A state Senate committee unanimously passed a bill that would increase penalties for those who assault medical care providers.
One in every four medical care providers said they’ve been assaulted on the job by a patient. It’s become so common; many don’t even report it.
Shelly Williamson and Amy Eberle are both nurses. Both passionate about their calling. And both have been sexually attacked by patients in their care.
“I got between the bed and the wall and he attacked me. I fought my way out and I got out, but my PTSD was so bad, and the assault was so bad that I was off of work for a year,” Williamson said. “His lawyer pleaded it down to six months and that’s what he served was six months. For sexual assault. After being a convicted rapist.”
“He had a hold of me by my neck and he was slamming me up against a cabinet wall. He had my shoulders pinned with his shoulders and my feet weren’t on the ground. And he was strangling me,” Eberle remembered. “And he pulled his arm back like he was going to hit me, and I thought oh, here it is and I really started screaming. And he didn’t though. He started raping me.”

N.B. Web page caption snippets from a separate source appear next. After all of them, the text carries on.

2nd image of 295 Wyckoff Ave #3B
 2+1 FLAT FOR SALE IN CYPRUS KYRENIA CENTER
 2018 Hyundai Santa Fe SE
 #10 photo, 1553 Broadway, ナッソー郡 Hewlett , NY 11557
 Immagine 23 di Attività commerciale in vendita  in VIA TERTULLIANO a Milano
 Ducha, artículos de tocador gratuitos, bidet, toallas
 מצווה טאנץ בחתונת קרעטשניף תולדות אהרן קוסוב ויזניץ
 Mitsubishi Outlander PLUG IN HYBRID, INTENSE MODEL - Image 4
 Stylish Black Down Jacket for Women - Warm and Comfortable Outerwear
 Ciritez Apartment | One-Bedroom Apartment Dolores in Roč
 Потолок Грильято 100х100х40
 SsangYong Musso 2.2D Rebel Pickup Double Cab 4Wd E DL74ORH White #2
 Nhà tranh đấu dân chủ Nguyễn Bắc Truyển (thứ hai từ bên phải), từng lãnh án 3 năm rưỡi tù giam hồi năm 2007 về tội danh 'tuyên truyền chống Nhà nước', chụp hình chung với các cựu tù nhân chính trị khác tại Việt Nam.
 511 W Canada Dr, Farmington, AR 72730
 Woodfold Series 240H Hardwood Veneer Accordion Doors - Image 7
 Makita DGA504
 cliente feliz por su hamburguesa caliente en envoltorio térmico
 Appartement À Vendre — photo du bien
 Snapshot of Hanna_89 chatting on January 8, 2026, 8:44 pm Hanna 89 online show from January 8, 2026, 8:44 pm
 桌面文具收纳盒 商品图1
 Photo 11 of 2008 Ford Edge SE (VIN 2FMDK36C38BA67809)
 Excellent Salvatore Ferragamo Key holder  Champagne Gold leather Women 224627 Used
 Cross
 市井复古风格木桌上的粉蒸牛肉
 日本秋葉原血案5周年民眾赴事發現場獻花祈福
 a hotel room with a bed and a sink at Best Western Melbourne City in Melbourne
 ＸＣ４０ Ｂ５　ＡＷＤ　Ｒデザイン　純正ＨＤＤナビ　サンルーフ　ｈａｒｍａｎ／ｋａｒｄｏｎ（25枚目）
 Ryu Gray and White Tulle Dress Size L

Williamson and Eberle are in support of Senate Bill 1290, which would expand the definition of “emergency medical care providers” to include not only doctors and nurses, but also lab techs, pharmacists, students, volunteers and hospital security. Those who assault providers could face two years in prison.
“People don’t realize that they’re getting assaulted out here. We have to make them aware that it’s not going to be tolerated,” said the bill’s author, Senator Darrell Weaver (R) Moore.
The law would not apply to people with mental health issues.
“And it’s not just mental health and drug addiction. The person that assaulted me was alert and oriented. He knew exactly what he was doing. That happens on a daily basis,” Williamson said. “We’re dehumanized.”
The bill now heads to the full state Senate. If signed into law, it will take effect November 1.